Many are concerned that the advent of AI could spell the end of countless jobs, while others salivate at the potential of the technology.
Back in 2019, experts had touted that AI would gradually replace human jobs, and we’d all relish this prospect.
But today, the reality seems somewhere in the middle.
AI is a tool that requires human intervention
While AI could eliminate the need for scaled human workforces in the future, today, its application aligns with a powerful tool. To see success, human intervention and the right surrounding tools are required to ensure consistent results.
Copywriters, for example, can utilise AI and machine learning tools to conduct research and generate ideas; however, AI makes mistakes, and it lacks authenticity.
It alone is not sufficient to write copy endlessly, but it can be wielded to scale content frequency.
This is where we see one of the earliest and most practical use cases for AI within the fashion and apparel industry.
Fashion brands produce countless collections per year, each comprising hundreds, if not thousands, of item variants. These goods are offered to shoppers through various channels, like eCommerce and Point of Sale (POS) hardware.
The problem with these channels, however, is that every individual item must have an accompanying description to provide more information to customers.
These descriptions could include the item’s colour, the fabrics used, and whether any buttons are featured.
Product owners and copywriters are tasked with producing the extensive text for these items.
Such work is critical to ensure brand relevance, but it is an incredibly manual and laborious task, lacking efficiency and scale.
Tools that provide image analyses paired with ChatGPT4 can significantly alleviate this pain by automatically determining a product’s attributes and generating the description.
Start small, start now
AI may not yet be in a state to remove scaled workforces, but there is an opportunity for brands to successfully implement it throughout key business processes by treating it as a business strategy, rather than a technology project.

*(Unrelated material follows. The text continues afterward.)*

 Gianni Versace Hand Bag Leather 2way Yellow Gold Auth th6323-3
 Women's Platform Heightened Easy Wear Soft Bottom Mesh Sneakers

The key is to start small, identifying a few opportunistic areas to test and learn, then scale.
In the fashion and apparel industry, many leading brands still rely on Excel spreadsheets to manage key operational processes. Relying on antiquated systems is inefficient, causing data confusion that is nightmarish to sift through.
So ask yourself this: if a company lacks data visibility or proper organisational buy-in, are they really ready to recognise the scaled value of AI?
Without the right foundational architecture, strategy and a reliance on dated systems and processes, broadly applying AI will fail. It cannot be supported properly under these conditions.
Fortunately, there are practical steps for brands to take to be “AI-ready”… like getting their house in order.
Fashion-focused ERP systems offer brands an easy and efficient way to unify their disparate data sources into one location and gain a single version of the truth.
These systems offer best-in-suite functionality, like matrix layouts, compositions, colour, size and fit handling, and product lifecycle management, transforming back-office operations.
K3 Fashion, fully embedded in Microsoft D365 Finance, Supply Chain Management and Commerce, is one example that empowers brands to own their operations from source to consumer.
Our team has integrated an image analysis tool and ChatGPT4 into the solution’s matrix functionality to enable brands to effortlessly and automatically generate product descriptions.
We have purposefully implemented AI across core platform features to eliminate complexity and deliver scale to our customers.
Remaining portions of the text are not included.